Hélène Sanguinetti

Née à Marseille en 1951, Hélène Sanguinetti vit à Arles.

Jadis, Poïena (une poème), Flammarion, 2025.

« Debout au milieu de la rivière, ce pêcheur déroule la fable du courant, remonte sa propre histoire gonflée de profondeur, si lourde qu’il relance.
Divinités poissons et iris d’eau se partagent les pages capitales. »
Écrit l’autrice dans « Fille de Félicie », deuxième partie de ce livre et réédition d’un ancien texte. Cet art poétique pourrait s’appliquer à l’ensemble de l’ouvrage.
« Jadis, Poïena » commence comme l’Odyssée par l’invocation des Muses. Cette « histoire gonflée de profondeur » nous est délivrée comme un conte chanté par de multiples voix du dedans, dont une intrusive qui vient parfois les couper, quand une voix du dehors, celle de la narratrice s’adresse en prose à Poïena.

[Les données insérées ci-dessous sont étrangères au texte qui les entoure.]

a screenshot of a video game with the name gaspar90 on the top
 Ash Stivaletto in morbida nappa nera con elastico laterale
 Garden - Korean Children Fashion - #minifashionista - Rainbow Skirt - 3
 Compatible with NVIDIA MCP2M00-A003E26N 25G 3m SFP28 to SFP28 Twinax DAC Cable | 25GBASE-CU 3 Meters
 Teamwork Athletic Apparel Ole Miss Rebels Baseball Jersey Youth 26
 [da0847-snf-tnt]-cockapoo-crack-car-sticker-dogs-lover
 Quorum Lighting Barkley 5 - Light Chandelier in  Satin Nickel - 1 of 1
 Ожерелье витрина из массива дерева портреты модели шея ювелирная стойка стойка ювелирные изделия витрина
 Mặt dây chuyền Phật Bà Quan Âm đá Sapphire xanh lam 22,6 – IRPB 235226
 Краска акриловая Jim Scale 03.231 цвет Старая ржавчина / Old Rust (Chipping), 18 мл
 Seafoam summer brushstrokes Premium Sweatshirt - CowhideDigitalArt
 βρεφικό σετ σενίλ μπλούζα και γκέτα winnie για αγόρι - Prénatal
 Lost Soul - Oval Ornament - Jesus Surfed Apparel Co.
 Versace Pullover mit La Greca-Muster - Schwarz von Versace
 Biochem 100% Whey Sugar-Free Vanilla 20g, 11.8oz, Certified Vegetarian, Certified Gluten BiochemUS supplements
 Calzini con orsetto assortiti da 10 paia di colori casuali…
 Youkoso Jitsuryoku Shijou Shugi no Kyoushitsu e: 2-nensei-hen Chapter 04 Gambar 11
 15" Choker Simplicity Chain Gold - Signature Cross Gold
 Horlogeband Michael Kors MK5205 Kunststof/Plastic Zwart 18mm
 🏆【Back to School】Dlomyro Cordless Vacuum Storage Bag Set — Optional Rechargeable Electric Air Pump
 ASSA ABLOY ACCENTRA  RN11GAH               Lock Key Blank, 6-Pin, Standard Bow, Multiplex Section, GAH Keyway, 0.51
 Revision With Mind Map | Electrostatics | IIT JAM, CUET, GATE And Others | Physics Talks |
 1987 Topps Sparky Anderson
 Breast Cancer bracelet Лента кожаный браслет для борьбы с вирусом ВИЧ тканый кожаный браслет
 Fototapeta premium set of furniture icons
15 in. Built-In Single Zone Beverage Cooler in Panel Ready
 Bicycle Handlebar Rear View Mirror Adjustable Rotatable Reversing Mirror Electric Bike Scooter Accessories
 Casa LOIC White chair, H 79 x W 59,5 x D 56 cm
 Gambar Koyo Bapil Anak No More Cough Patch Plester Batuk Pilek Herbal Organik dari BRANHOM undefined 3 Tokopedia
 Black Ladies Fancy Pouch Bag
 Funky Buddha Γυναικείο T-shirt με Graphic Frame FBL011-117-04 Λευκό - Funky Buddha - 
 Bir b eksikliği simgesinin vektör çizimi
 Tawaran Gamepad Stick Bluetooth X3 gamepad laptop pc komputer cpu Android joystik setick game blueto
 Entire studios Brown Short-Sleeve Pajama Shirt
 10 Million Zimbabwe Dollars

La mise-en-page est mise-en-scène: parmi les variations typographiques flottent dans les blancs des points qui détournent la lecture sur des sentiers, des figures, comme les signes d’un jeu de piste.
Ces chants n’ont rien de ce qui définit le caractère musical d’un poème (métrique, rime, assonances, …), plutôt s’élancent-ils en lignes souvent brèves (parfois limitées à un mot) au rythme erratique rompu de rejets et accéléré par l’absence fréquente de pronoms (« —Écoutez par le vent, / juillet tremble, plomb / Serre chevilles, soleil fait éclater les yeux »). L’écriture se veut organique (« J’écris dans le noir animal / dans le bleu animal / dans le rouge animal »), faite des frémissements de l’ombre et de la lumière sur des chemins de jadis où nous conduisent les mots.
« Hue les mots! Plus loin encore. » Sont-ils poussés « avant début / d’avant jadis? » Avant même l’élan qui porta les vocables?

Hélène Sanguinetti, Jadis, Poïena (une poème), Flammarion, 2025.

Hélène Sanguinetti

Hélène Sanguinetti, née à Marseille en 1951, vit à Arles.

Domaine des englués, La Lettre volée, 2017.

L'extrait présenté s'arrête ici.